Marlin bite excites

FISH OF THE WEEK: Finlay Taaffe wins the Jarvis Walker tacklebox and Tsunami lure pack for this beautiful whiting hooked in Swansea channel last week.
FISH OF THE WEEK: Finlay Taaffe wins the Jarvis Walker tacklebox and Tsunami lure pack for this beautiful whiting hooked in Swansea channel last week.

Fishing has been spectacular off Nelson Bay this week with a great marlin bite over the Shelf.

Brent “Hammer” Hancock, from Tackle World Port Stephens reports a mixture of blues and stripes teased, tagged and talked about coming straight out the front of the bay on the shelf.

“This time of year it’s not unheard of, but it’s been like a January or February style bite,” he said. 

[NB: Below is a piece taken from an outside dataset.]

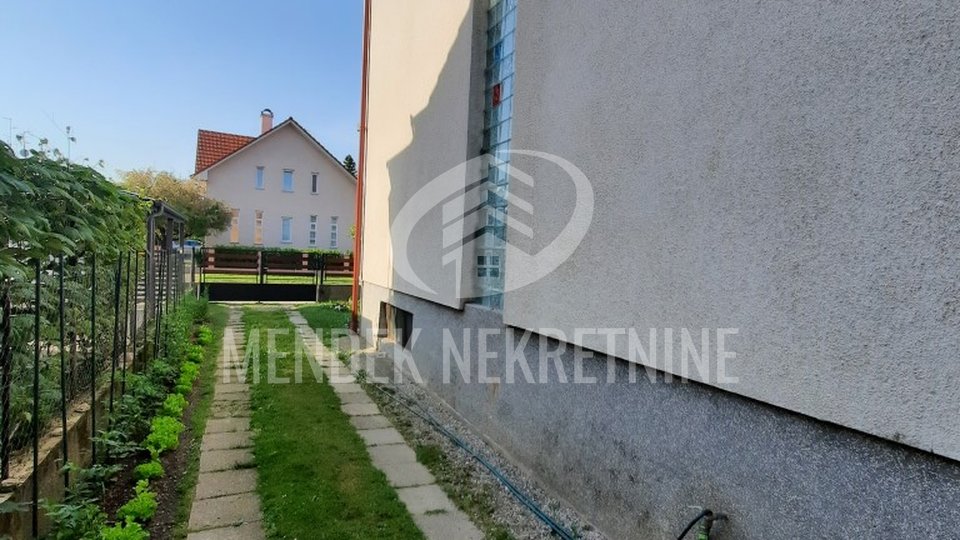 Haus, 250 m2, Verkauf, Varaždin - Centar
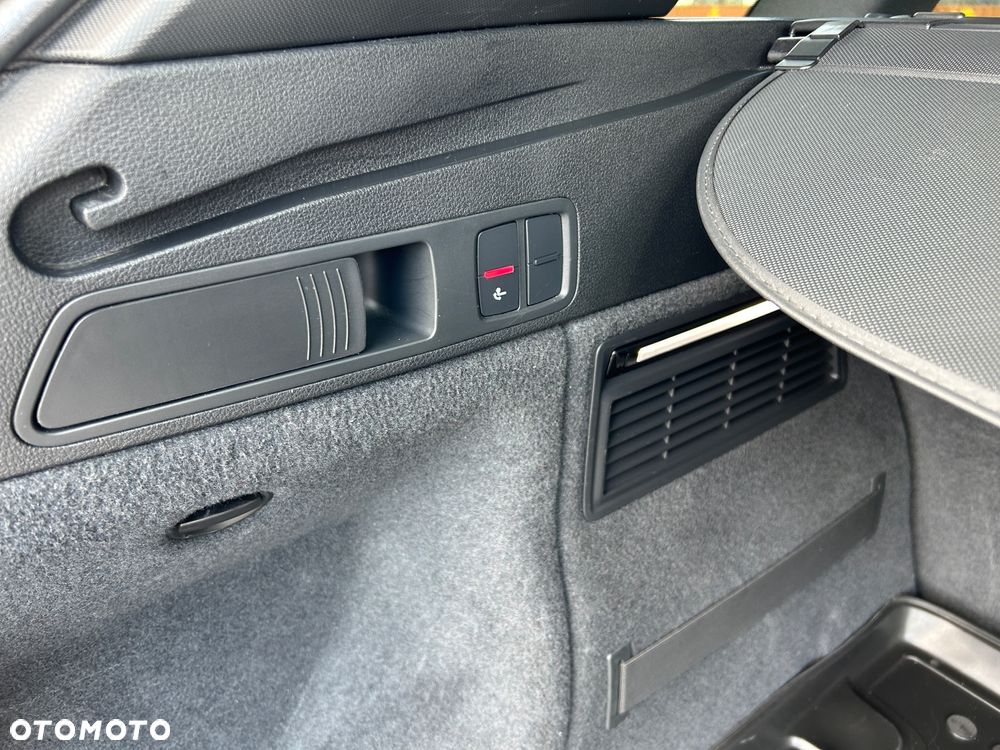 Audi Q5 2.0 TDI S tronic - 16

“Plenty of boats catching them.

“Steel Lambert got seven bites and caught three during the week.

“The boys on White Dog, Josh Sowter got six bit and caught two over the weekend and then caught three on Tuesday.

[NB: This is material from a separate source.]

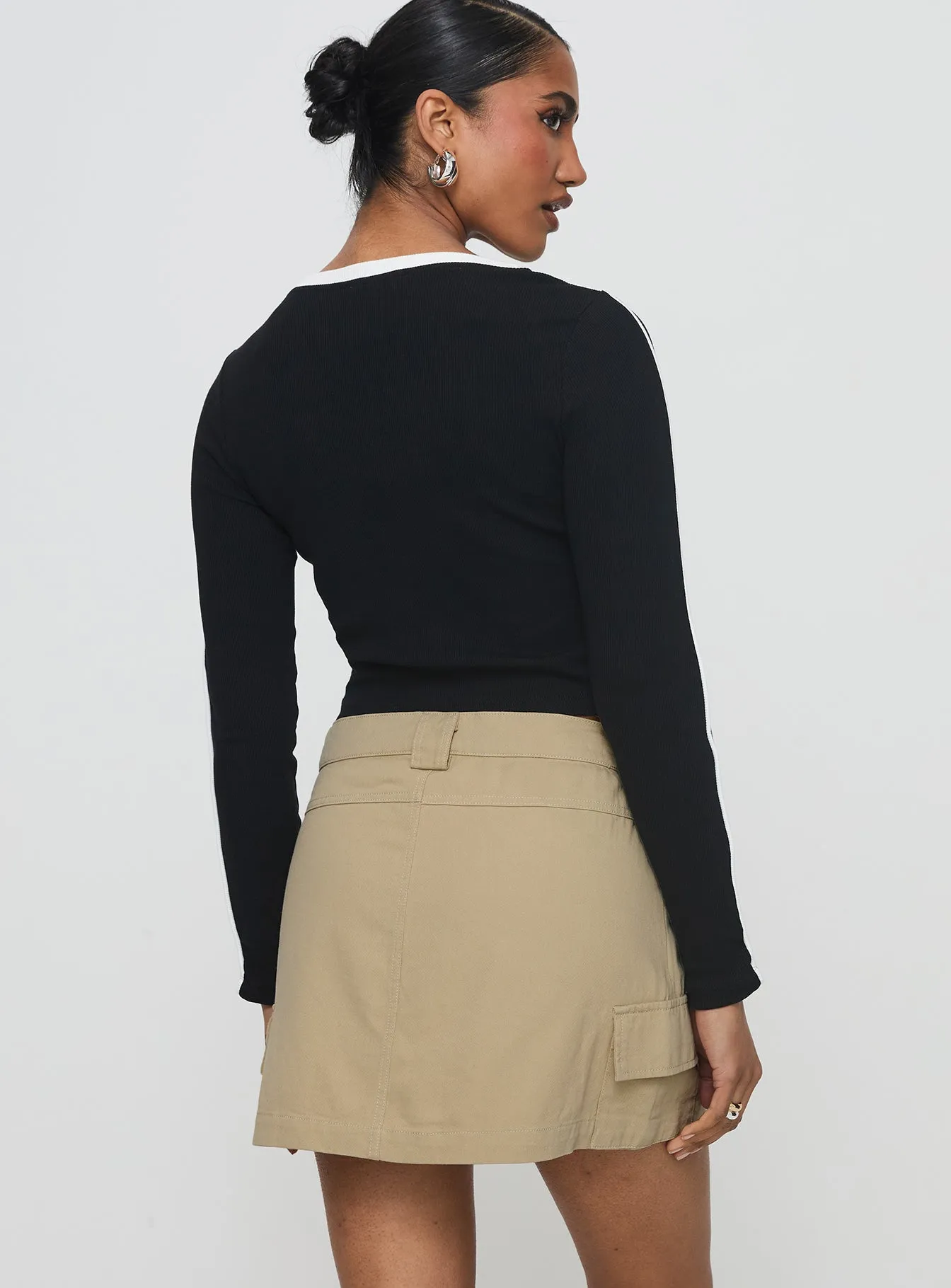 Layered Design Minimal Touch Gonzales Mini Skirt Beige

“Also Tuesday, the crew on Glaucus went four from five, three stripes and one blue.

“And I heard reports of fish caught on Wednesday.”

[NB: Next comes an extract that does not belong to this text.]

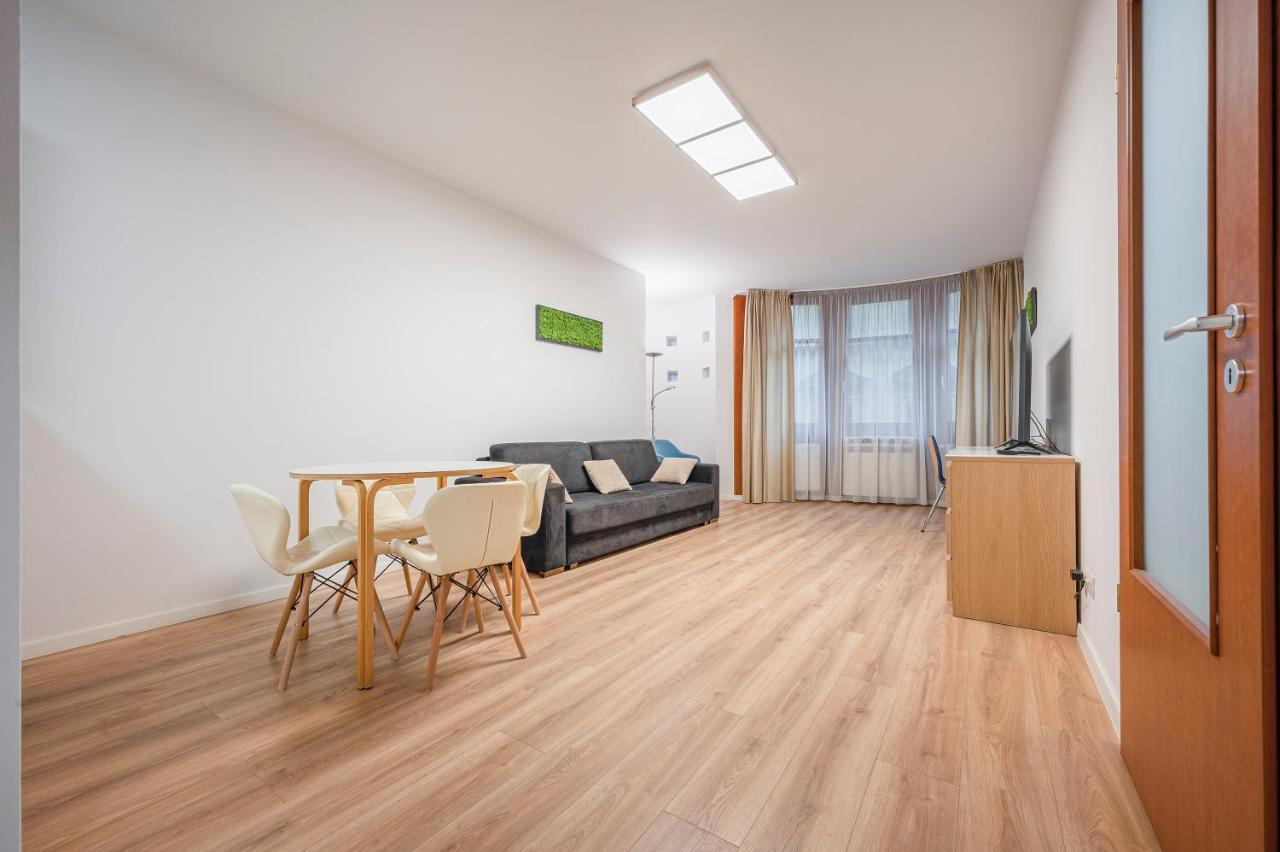 Modern Apartment With Garage 布达佩斯 外观 照片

Intel from out wide suggests water temps up aorund 24 degrees, not much current and plenty of bait fish.

“It all depends on the weather, whether you can get out there and into it,” Hammer said.

“Looking at forecast, there’s supposed to be stiff nor-easters on Friday and Saturday, but there could be window on the Sunday.

“As long as the current doesn’t run hard like it did like the last two years, the fish should hang around.

“But you can’t predict it this early into the season. Whether it’s a false dawn or the dawning of a super season, you can’t say, but we’ll take it.”

Pretty fly

Hammer is just back from his annual foray up to Fraser Island where this year he helped his 10-year-old daughter Lilly catch her first ever black marlin.

“There were plenty about and you didn’t have to go far offshore to find them.

“We saw juveniles swimming around in less than three metres of water.

“Along with a whole range of other species like long-tail tuna, tiger sharks and manta rays.

“It’s a special place.”

Hammer likes to tease up the marlin to the back of his boat and throw flies at them. 

“It’s a fun way to fish for marlin and you get a lot of bycatch with things like spotted mackerel and lots of tuna.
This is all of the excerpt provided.